**RECORDS FOR PROCESSING**
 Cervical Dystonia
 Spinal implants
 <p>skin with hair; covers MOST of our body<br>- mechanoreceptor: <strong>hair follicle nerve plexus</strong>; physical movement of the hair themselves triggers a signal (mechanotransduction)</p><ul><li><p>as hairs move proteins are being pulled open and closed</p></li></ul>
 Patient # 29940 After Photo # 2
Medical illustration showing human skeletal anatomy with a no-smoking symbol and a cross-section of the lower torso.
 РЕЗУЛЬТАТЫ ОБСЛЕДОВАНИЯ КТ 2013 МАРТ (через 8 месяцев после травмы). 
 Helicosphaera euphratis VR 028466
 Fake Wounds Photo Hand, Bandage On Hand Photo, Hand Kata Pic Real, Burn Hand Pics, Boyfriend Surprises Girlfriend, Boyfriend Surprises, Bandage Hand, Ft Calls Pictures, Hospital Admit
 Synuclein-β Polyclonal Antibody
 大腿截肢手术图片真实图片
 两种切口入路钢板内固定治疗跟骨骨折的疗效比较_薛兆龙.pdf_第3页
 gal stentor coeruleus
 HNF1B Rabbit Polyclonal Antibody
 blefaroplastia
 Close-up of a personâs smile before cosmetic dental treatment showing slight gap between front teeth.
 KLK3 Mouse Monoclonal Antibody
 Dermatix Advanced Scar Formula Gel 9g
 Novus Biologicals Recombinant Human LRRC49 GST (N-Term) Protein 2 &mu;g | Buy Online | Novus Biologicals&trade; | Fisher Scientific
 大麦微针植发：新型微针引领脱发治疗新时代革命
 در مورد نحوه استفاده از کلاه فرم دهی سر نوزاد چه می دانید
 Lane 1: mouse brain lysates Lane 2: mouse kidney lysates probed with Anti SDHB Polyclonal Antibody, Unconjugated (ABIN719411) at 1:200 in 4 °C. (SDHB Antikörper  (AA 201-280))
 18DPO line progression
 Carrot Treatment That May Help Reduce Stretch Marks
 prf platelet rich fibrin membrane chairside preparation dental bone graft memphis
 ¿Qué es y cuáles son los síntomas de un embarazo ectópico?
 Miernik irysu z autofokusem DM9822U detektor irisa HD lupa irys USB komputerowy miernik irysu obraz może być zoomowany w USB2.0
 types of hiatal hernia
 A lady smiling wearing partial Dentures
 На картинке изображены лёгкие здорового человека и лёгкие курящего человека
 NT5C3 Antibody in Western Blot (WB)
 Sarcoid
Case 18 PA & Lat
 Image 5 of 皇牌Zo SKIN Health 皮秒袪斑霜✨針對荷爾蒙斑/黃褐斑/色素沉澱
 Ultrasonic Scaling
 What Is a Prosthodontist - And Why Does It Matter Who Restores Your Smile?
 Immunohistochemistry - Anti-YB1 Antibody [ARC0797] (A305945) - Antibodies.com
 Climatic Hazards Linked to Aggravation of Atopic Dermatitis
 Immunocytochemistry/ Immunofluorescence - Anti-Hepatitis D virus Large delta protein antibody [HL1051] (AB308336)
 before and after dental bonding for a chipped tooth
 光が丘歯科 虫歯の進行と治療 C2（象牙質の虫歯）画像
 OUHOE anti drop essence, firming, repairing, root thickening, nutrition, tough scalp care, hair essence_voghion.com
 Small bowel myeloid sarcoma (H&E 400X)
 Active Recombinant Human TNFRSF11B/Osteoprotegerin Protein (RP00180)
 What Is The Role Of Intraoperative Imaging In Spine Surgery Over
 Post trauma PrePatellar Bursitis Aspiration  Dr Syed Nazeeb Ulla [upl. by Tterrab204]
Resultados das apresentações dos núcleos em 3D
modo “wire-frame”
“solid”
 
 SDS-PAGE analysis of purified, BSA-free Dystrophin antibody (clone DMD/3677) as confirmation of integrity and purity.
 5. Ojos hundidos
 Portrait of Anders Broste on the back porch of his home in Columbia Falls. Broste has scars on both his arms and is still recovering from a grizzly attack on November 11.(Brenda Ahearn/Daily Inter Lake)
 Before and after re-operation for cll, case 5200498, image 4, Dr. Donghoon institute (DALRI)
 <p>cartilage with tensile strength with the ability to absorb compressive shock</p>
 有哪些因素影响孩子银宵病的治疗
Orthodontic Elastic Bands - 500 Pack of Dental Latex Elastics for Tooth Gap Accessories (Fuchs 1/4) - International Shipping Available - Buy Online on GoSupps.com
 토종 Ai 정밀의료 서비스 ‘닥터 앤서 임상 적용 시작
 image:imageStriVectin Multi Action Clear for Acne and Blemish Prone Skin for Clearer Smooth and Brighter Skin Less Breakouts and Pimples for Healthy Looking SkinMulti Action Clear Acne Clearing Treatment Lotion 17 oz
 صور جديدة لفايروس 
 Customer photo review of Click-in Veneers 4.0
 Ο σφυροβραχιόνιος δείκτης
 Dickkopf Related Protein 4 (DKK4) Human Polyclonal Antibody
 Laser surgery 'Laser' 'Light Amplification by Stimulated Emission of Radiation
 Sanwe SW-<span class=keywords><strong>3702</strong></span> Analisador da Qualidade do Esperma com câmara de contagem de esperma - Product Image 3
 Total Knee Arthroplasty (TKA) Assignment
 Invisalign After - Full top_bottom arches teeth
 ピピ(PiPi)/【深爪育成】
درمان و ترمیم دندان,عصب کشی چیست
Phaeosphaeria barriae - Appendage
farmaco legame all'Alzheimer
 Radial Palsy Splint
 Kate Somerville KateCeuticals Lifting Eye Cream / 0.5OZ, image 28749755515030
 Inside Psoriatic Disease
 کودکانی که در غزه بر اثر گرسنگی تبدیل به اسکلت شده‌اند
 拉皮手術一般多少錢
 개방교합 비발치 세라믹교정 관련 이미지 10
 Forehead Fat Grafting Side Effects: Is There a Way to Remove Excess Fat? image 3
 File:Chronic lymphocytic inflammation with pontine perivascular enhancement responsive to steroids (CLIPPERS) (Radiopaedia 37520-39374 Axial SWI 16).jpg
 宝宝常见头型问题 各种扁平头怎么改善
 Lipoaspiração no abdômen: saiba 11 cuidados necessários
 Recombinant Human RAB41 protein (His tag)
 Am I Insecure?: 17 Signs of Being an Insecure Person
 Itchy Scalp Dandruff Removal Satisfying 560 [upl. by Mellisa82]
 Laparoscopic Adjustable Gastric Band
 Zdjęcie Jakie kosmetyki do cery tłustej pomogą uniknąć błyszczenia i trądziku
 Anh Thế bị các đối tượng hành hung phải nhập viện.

**THE PROBLEM**
Using only the entries above, output the line with "Customer photo review", the line with "Sanwe SW-<span class=keywords><strong>3702</strong></span>", and all lines between them, exactly as they stand.

**RESULT BELOW**
 Customer photo review of Click-in Veneers 4.0
 Ο σφυροβραχιόνιος δείκτης
 Dickkopf Related Protein 4 (DKK4) Human Polyclonal Antibody
 Laser surgery 'Laser' 'Light Amplification by Stimulated Emission of Radiation
 Sanwe SW-<span class=keywords><strong>3702</strong></span> Analisador da Qualidade do Esperma com câmara de contagem de esperma - Product Image 3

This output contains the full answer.